* [Input]
○ ○ ○
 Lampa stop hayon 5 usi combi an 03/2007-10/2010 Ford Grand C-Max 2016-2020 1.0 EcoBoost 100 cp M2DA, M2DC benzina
○ ○ ○
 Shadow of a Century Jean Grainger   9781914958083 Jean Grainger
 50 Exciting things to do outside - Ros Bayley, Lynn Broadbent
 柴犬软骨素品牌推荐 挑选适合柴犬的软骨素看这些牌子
○ ○ ○
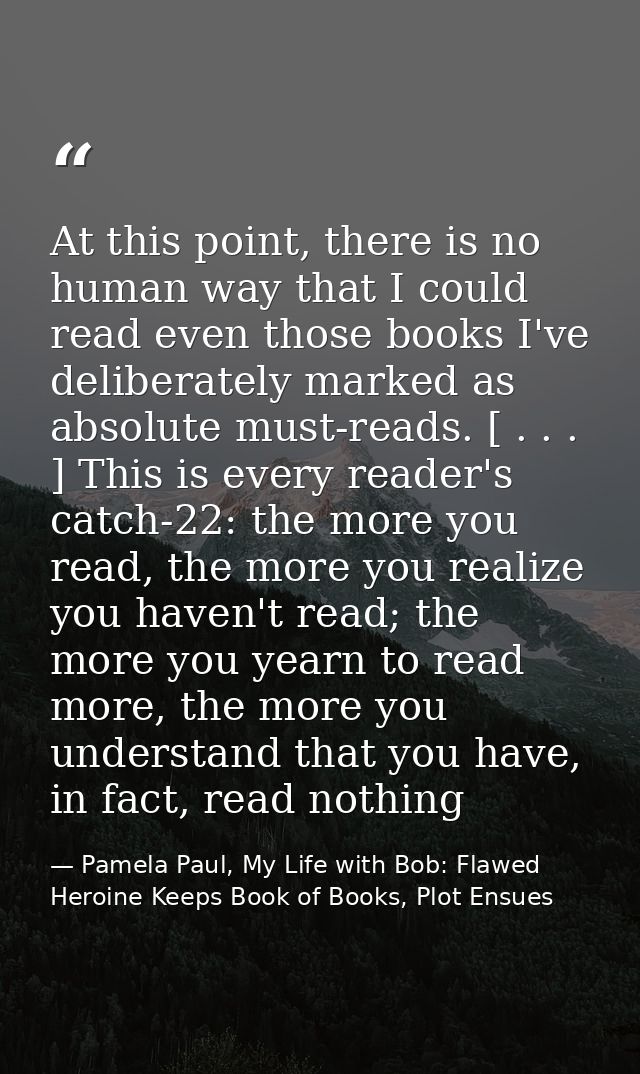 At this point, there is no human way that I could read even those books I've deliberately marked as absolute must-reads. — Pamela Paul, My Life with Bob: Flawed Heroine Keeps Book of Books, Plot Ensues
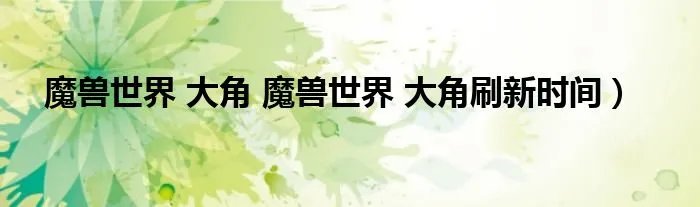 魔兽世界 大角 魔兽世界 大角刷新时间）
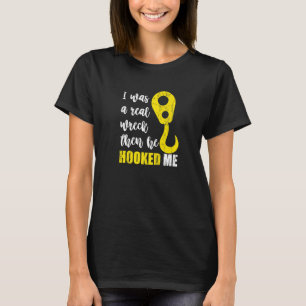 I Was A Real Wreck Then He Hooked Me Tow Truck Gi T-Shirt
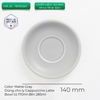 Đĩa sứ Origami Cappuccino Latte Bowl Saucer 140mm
○ ○ ○
* [Exercise description] Above are the records. Copy only the lines from the one with "魔兽世界 大角 魔兽世界 大角刷新时间）" through the one with "Đĩa sứ Origami", exactly, with no pictures.

* [Exercise output]
 魔兽世界 大角 魔兽世界 大角刷新时间）
 I Was A Real Wreck Then He Hooked Me Tow Truck Gi T-Shirt
 Đĩa sứ Origami Cappuccino Latte Bowl Saucer 140mm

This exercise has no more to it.